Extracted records
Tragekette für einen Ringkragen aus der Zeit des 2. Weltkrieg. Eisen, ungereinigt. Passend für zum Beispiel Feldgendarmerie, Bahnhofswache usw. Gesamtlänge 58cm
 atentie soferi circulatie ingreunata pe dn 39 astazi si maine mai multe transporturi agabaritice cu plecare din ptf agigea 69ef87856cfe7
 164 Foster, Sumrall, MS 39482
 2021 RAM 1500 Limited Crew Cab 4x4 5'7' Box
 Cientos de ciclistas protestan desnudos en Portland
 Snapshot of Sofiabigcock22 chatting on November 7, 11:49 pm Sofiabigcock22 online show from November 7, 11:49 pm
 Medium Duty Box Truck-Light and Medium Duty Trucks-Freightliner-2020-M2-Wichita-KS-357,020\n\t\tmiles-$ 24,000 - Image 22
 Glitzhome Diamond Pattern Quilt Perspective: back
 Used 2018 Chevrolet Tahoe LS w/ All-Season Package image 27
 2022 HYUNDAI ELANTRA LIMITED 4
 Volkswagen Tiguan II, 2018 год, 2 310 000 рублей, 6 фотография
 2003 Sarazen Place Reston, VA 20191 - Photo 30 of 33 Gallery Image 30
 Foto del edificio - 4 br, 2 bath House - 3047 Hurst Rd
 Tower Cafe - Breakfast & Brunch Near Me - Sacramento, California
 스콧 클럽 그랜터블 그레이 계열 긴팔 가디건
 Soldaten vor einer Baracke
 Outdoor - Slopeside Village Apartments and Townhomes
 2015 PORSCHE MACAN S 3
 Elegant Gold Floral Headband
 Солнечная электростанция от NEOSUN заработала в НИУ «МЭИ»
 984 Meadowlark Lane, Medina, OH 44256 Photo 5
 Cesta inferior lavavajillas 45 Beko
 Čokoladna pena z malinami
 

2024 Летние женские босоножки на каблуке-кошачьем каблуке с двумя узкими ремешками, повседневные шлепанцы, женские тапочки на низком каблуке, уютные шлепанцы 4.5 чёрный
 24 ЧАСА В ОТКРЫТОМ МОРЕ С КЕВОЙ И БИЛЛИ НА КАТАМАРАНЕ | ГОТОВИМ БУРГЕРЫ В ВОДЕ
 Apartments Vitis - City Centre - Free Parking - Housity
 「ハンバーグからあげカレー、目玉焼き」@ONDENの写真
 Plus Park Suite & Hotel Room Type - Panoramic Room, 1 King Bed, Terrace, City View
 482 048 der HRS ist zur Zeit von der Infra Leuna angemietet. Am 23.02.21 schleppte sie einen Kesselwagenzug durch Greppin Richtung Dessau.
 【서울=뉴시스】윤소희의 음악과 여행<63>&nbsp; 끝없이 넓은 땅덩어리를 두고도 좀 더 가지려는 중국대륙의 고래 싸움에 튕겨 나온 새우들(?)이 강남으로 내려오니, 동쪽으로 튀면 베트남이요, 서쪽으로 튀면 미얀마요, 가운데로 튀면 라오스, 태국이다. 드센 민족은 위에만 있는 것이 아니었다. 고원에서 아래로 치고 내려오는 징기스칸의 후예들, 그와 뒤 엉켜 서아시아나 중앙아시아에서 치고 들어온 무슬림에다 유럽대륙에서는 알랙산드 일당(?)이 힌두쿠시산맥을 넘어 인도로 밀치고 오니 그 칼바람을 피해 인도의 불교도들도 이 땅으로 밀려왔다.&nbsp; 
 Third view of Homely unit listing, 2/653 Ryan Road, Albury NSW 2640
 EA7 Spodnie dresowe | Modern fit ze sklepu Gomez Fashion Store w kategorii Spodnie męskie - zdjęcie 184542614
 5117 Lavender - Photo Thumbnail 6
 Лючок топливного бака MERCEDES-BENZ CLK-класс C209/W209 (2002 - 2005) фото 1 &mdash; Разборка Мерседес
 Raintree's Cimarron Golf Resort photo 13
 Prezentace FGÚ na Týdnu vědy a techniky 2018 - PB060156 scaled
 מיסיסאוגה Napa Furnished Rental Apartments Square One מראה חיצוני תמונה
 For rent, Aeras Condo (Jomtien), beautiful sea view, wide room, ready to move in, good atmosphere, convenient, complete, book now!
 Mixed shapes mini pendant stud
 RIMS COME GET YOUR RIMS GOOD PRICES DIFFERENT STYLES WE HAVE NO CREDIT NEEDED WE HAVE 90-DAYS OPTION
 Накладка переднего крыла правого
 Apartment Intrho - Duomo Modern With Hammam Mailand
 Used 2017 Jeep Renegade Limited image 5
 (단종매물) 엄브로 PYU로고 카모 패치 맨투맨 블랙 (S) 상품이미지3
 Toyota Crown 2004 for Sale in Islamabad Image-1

- What to work on -
Each entry must be reproduced exactly, with nothing added or dropped.

- Result -
Tragekette für einen Ringkragen aus der Zeit des 2. Weltkrieg. Eisen, ungereinigt. Passend für zum Beispiel Feldgendarmerie, Bahnhofswache usw. Gesamtlänge 58cm
 atentie soferi circulatie ingreunata pe dn 39 astazi si maine mai multe transporturi agabaritice cu plecare din ptf agigea 69ef87856cfe7
 164 Foster, Sumrall, MS 39482
 2021 RAM 1500 Limited Crew Cab 4x4 5'7' Box
 Cientos de ciclistas protestan desnudos en Portland
 Snapshot of Sofiabigcock22 chatting on November 7, 11:49 pm Sofiabigcock22 online show from November 7, 11:49 pm
 Medium Duty Box Truck-Light and Medium Duty Trucks-Freightliner-2020-M2-Wichita-KS-357,020\n\t\tmiles-$ 24,000 - Image 22
 Glitzhome Diamond Pattern Quilt Perspective: back
 Used 2018 Chevrolet Tahoe LS w/ All-Season Package image 27
 2022 HYUNDAI ELANTRA LIMITED 4
 Volkswagen Tiguan II, 2018 год, 2 310 000 рублей, 6 фотография
 2003 Sarazen Place Reston, VA 20191 - Photo 30 of 33 Gallery Image 30
 Foto del edificio - 4 br, 2 bath House - 3047 Hurst Rd
 Tower Cafe - Breakfast & Brunch Near Me - Sacramento, California
 스콧 클럽 그랜터블 그레이 계열 긴팔 가디건
 Soldaten vor einer Baracke
 Outdoor - Slopeside Village Apartments and Townhomes
 2015 PORSCHE MACAN S 3
 Elegant Gold Floral Headband
 Солнечная электростанция от NEOSUN заработала в НИУ «МЭИ»
 984 Meadowlark Lane, Medina, OH 44256 Photo 5
 Cesta inferior lavavajillas 45 Beko
 Čokoladna pena z malinami
 

2024 Летние женские босоножки на каблуке-кошачьем каблуке с двумя узкими ремешками, повседневные шлепанцы, женские тапочки на низком каблуке, уютные шлепанцы 4.5 чёрный
 24 ЧАСА В ОТКРЫТОМ МОРЕ С КЕВОЙ И БИЛЛИ НА КАТАМАРАНЕ | ГОТОВИМ БУРГЕРЫ В ВОДЕ
 Apartments Vitis - City Centre - Free Parking - Housity
 「ハンバーグからあげカレー、目玉焼き」@ONDENの写真
 Plus Park Suite & Hotel Room Type - Panoramic Room, 1 King Bed, Terrace, City View
 482 048 der HRS ist zur Zeit von der Infra Leuna angemietet. Am 23.02.21 schleppte sie einen Kesselwagenzug durch Greppin Richtung Dessau.
 【서울=뉴시스】윤소희의 음악과 여행<63>&nbsp; 끝없이 넓은 땅덩어리를 두고도 좀 더 가지려는 중국대륙의 고래 싸움에 튕겨 나온 새우들(?)이 강남으로 내려오니, 동쪽으로 튀면 베트남이요, 서쪽으로 튀면 미얀마요, 가운데로 튀면 라오스, 태국이다. 드센 민족은 위에만 있는 것이 아니었다. 고원에서 아래로 치고 내려오는 징기스칸의 후예들, 그와 뒤 엉켜 서아시아나 중앙아시아에서 치고 들어온 무슬림에다 유럽대륙에서는 알랙산드 일당(?)이 힌두쿠시산맥을 넘어 인도로 밀치고 오니 그 칼바람을 피해 인도의 불교도들도 이 땅으로 밀려왔다.&nbsp; 
 Third view of Homely unit listing, 2/653 Ryan Road, Albury NSW 2640
 EA7 Spodnie dresowe | Modern fit ze sklepu Gomez Fashion Store w kategorii Spodnie męskie - zdjęcie 184542614
 5117 Lavender - Photo Thumbnail 6
 Лючок топливного бака MERCEDES-BENZ CLK-класс C209/W209 (2002 - 2005) фото 1 &mdash; Разборка Мерседес
 Raintree's Cimarron Golf Resort photo 13
 Prezentace FGÚ na Týdnu vědy a techniky 2018 - PB060156 scaled
 מיסיסאוגה Napa Furnished Rental Apartments Square One מראה חיצוני תמונה
 For rent, Aeras Condo (Jomtien), beautiful sea view, wide room, ready to move in, good atmosphere, convenient, complete, book now!
 Mixed shapes mini pendant stud
 RIMS COME GET YOUR RIMS GOOD PRICES DIFFERENT STYLES WE HAVE NO CREDIT NEEDED WE HAVE 90-DAYS OPTION
 Накладка переднего крыла правого
 Apartment Intrho - Duomo Modern With Hammam Mailand
 Used 2017 Jeep Renegade Limited image 5
 (단종매물) 엄브로 PYU로고 카모 패치 맨투맨 블랙 (S) 상품이미지3
 Toyota Crown 2004 for Sale in Islamabad Image-1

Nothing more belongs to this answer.